Constitution of Mauritius, sections 11, 17

Civil Status Act 1981, sections 29, 30, 31, 32, 33

Civil Status (Amendment) Act 1987

Civil Status (Amendment N° 2) Act 1990

The following judgment was delivered by the Board:

This appeal is brought from a judgment of the Supreme Court of Mauritius dated 15th May 1990 delivered in an action whereby the plaintiffs, the appellants before their Lordships' Board, sought under section 17 of the Constitution of Mauritius a declaration that the Civil Status (Amendment) Act 1987 was in breach of section 11 of the Constitution and was invalid. By the judgment appealed from the Supreme Court dismissed the action.

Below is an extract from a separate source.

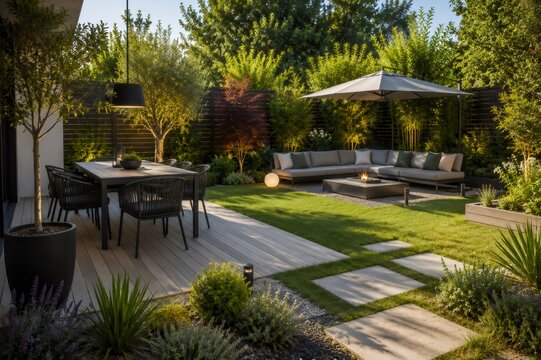 Modern garden with outdoor dining and lounge area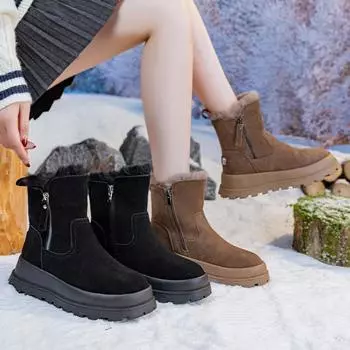 Женские зимние ботинки на толстой платформе, теплые зимние замшевые полусапожки с подкладкой из искусственного меха, удобные женские нескользящие ботинки для ходьбы с боковой молнией 35 чёрный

Section 11 of the Constitution is the provision that guarantees freedom of religion. The appellants are followers of Islam. The Civil Status Act 1981 by sections 29 to 32 introduced provisions under which parties to a Muslim religious marriage might declare at the time of celebration that they wished the marriage to be governed by Muslim Personal Law, in which event the marriage would be governed by that law and such rules as might be promulgated by a Commission of Muslim Jurists, appointed by the Governor-General, and approved by the Assembly. Pending the promulgation of such rules the marriage was to be governed by specified provisions of the Code Napoléon.

The Governor-General duly appointed Commissioners, and they embarked upon their task, but difficulties were encountered and for reasons which it is unnecessary to go into the work ground to a halt.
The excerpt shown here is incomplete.